Posted to common-user@hadoop.apache.org by Sean Shanny <ss...@tripadvisor.com> on 2008/12/25 06:10:21 UTC
Having trouble accessing MapFiles in the DistributedCache
To all,
Version: hadoop-0.17.2.1-core.jar
I created a MapFile on a local node.
I put the files into the HDFS using the following commands:
$ bin/hadoop fs -copyFromLocal /tmp/ur/data /2008-12-19/url/data
$ bin/hadoop fs -copyFromLocal /tmp/ur/index /2008-12-19/url/index
and placed them in the DistributedCache using the following calls in
the JobConf class:
DistributedCache.addCacheFile(new URI("/2008-12-19/url/data"), conf);
DistributedCache.addCacheFile(new URI("/2008-12-19/url/index"), conf);
What I cannot figure out how to do is actually access the MapFile now
within my Map code.
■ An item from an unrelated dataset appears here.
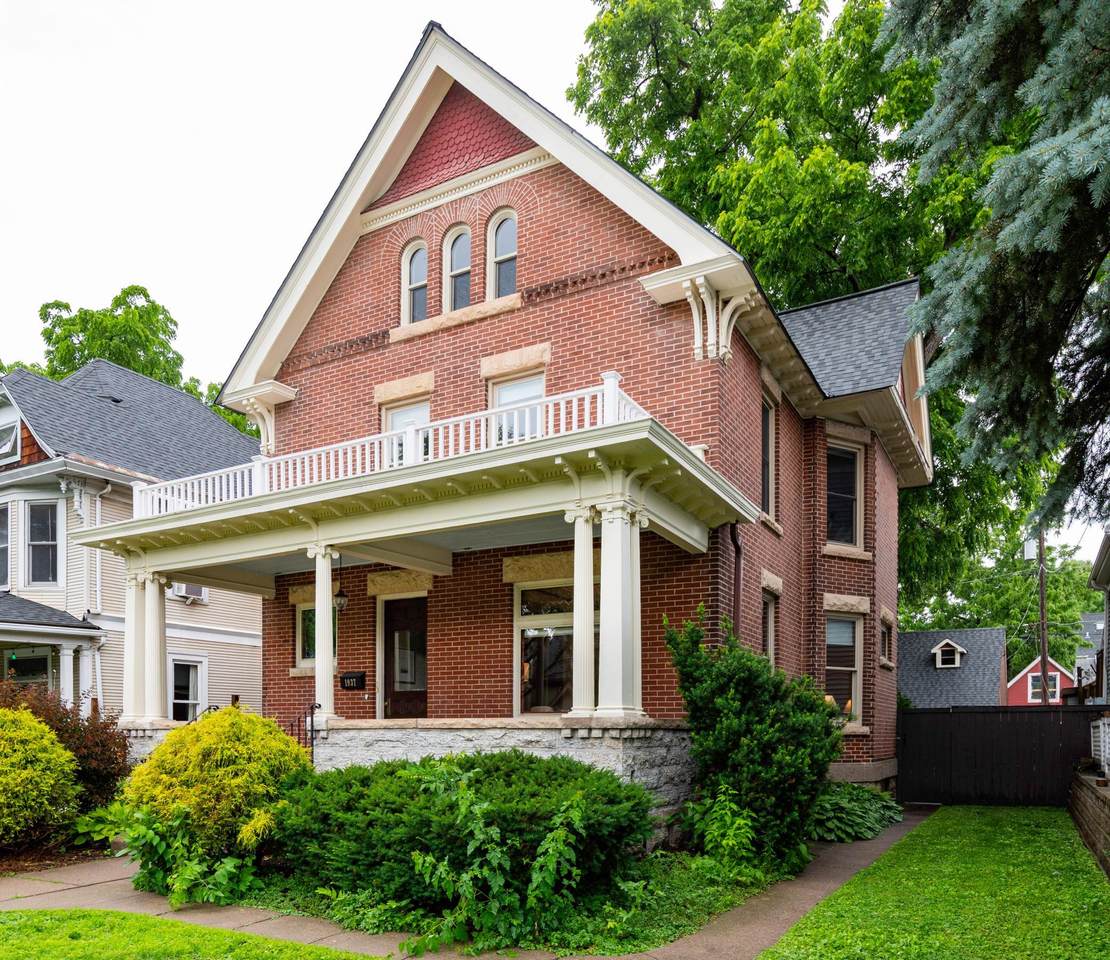 1937 Selby Avenue - Photo 1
I tried the following but I am getting file not
found errors when I try to run the job.
private FileSystem fs;
private MapFile.Reader myReader;
private Path[] localFiles;
....
public void configure(JobConf conf)
{
String[] s = conf.getStrings("map.input.file");
m_sFileName = s[0];
try
{
localFiles = DistributedCache.getLocalCacheFiles(conf);
for (Path localFile : localFiles)
{
String sFileName = localFile.getName();
if (sFileName.equalsIgnoreCase("data"))
{
System.out.println("Full Path: " +
localFile.toString());
System.out.println("Parent: " +
localFile.getParent().toString());
fs = FileSystem.get(localFile.toUri(), conf);
myReader = new MapFile.Reader(fs,
localFile.getParent().toString(), conf);
}
}
}
catch (IOException e)
{
// TODO Auto-generated catch block
e.printStackTrace();
}
The following exception is thrown and I cannot figure out why it is
adding the extra data element at the end of the path. The data is
actually at
Task Logs: 'task_200812250002_0001_m_000000_0'
stdout logs
Full Path: /tmp/hadoop-root/mapred/local/taskTracker/archive/hdp01n/
2008-12-19/url/data/data
Parent: /tmp/hadoop-root/mapred/local/taskTracker/archive/hdp01n/
2008-12-19/url/data
stderr logs
java.io.FileNotFoundException: File does not exist: /tmp/hadoop-root/
mapred/local/taskTracker/archive/hdp01n/2008-12-19/url/data/data at
org
.apache
.hadoop
.dfs.DistributedFileSystem.getFileStatus(DistributedFileSystem.java:
369) at org.apache.hadoop.fs.FileSystem.getLength(FileSystem.java:628)
at org.apache.hadoop.io.SequenceFile$Reader.<init>(SequenceFile.java:
1431) at org.apache.hadoop.io.SequenceFile
$Reader.<init>(SequenceFile.java:1426) at org.apache.hadoop.io.MapFile
$Reader.createDataFileReader(MapFile.java:301) at
org.apache.hadoop.io.MapFile$Reader.open(MapFile.java:283) at
org.apache.hadoop.io.MapFile$Reader.<init>(MapFile.java:272) at
org.apache.hadoop.io.MapFile$Reader.<init>(MapFile.java:259) at
org.apache.hadoop.io.MapFile$Reader.<init>(MapFile.java:252) at
com
.TripResearch
.warehouse.etl.EtlTestUrlMapLookup.configure(EtlTestUrlMapLookup.java:
84) at
org.apache.hadoop.util.ReflectionUtils.setConf(ReflectionUtils.java:
58) at
org
.apache.hadoop.util.ReflectionUtils.newInstance(ReflectionUtils.java:
82) at org.apache.hadoop.mapred.MapRunner.configure(MapRunner.java:33)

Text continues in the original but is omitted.